## What you are asked to do
Of the lines listed below, return exactly those that run from the line containing "1170 Spring Oak" through the line containing "A hotel room", both included.

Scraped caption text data
◇ ◇ ◇ ◇ ◇ ◇ ◇

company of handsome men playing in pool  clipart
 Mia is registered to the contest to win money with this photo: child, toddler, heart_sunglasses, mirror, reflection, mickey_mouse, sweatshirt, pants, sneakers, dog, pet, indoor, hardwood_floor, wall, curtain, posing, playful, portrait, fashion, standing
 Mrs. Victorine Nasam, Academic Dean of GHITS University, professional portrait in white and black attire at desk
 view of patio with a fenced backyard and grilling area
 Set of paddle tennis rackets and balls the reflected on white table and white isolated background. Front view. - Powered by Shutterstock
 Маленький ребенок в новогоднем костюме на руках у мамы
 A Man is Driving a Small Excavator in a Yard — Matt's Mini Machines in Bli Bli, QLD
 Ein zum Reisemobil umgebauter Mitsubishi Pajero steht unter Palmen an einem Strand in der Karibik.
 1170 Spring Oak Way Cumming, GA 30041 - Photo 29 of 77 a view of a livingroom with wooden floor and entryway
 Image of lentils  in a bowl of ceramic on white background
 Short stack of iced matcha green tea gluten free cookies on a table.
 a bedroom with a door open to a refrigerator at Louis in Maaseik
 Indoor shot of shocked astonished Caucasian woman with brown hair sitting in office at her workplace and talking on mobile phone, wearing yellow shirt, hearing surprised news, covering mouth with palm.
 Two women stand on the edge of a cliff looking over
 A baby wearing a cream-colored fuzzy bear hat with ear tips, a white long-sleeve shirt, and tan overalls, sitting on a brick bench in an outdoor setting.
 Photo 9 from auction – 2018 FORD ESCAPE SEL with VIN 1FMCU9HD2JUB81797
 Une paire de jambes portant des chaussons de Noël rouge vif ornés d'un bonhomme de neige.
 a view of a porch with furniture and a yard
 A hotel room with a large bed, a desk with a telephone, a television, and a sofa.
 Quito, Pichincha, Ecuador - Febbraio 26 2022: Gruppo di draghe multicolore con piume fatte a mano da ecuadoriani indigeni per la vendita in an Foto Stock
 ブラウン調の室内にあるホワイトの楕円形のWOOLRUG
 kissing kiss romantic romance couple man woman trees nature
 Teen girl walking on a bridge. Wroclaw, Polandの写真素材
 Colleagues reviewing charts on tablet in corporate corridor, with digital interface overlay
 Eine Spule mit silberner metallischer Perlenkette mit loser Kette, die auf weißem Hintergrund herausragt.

◇ ◇ ◇ ◇ ◇ ◇ ◇

## Answer box
 1170 Spring Oak Way Cumming, GA 30041 - Photo 29 of 77 a view of a livingroom with wooden floor and entryway
 Image of lentils  in a bowl of ceramic on white background
 Short stack of iced matcha green tea gluten free cookies on a table.
 a bedroom with a door open to a refrigerator at Louis in Maaseik
 Indoor shot of shocked astonished Caucasian woman with brown hair sitting in office at her workplace and talking on mobile phone, wearing yellow shirt, hearing surprised news, covering mouth with palm.
 Two women stand on the edge of a cliff looking over
 A baby wearing a cream-colored fuzzy bear hat with ear tips, a white long-sleeve shirt, and tan overalls, sitting on a brick bench in an outdoor setting.
 Photo 9 from auction – 2018 FORD ESCAPE SEL with VIN 1FMCU9HD2JUB81797
 Une paire de jambes portant des chaussons de Noël rouge vif ornés d'un bonhomme de neige.
 a view of a porch with furniture and a yard
 A hotel room with a large bed, a desk with a telephone, a television, and a sofa.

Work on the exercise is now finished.